You can’t kid a kidder, but you can buffalo a Buffalo buffalo, as we found out in this past weekend’s brand-new episode.
We also enjoyed a magical puzzle and we explored:
- taking a bath or a haircut in finance
- uncanny valley
- lazy man’s load
- why English nouns don’t have gender
- modern onomatopoeia
- and more!
Responding to an older episode in which we discussed the confusion with “push back,” meaning to “postpone,” Emily in Indianapolis wrote to tell us how they do it in the military.
Instead of pushing back or forward, we push left or right, as if looking at a timeline with the earlier times on the left and increasing to the right. Since thinking of time linearly and from left to right is a very common Western concept, most people I ran into understood this terminology almost intuitively, even if they had never encountered it before.

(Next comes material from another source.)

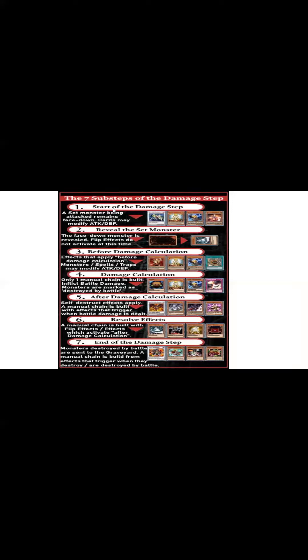It turns out that the sub-step for Amaryllis applies after the damage calculation, where self-destruct effects apply. A manual chain is built at that point. And then there's resolve effects where DD Warrior Lady, because it's not a mandatory effect, moves into a separate sub-chain. That's how it's able to beat that.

Grant collected this citation for “left of boom” in 2007, which is a good example of what Emily is talking about. It’s a military term meaning “prior to an explosion.”
• Does changing the spelling of the N-word change how offensive or taboo it is? Janet Fuller looks into it.
• Where do we get the names of our seasons? Etymologist Anatoly Liberman knows. He invokes everything from the Joule-Lenz Law to Botticelli’s Primavera on his way to elucidation.
• Speaking of energy (see Joule-Lenz above), there are two different words erg in English, one measuring energy “a force of one dyne exerted over one centimetre – in other words, one gram centimetre-squared per second-squared, or 100 nanojoules.” The other is a great sea of dunes. Read more of what James Harbeck has written about them.
• We leave you with The Gnu Song, via linguist Arnold Zwicky.
I’m a g-nu,
I’m a g-nu,
The g-nicest work of g-nature in the zoo.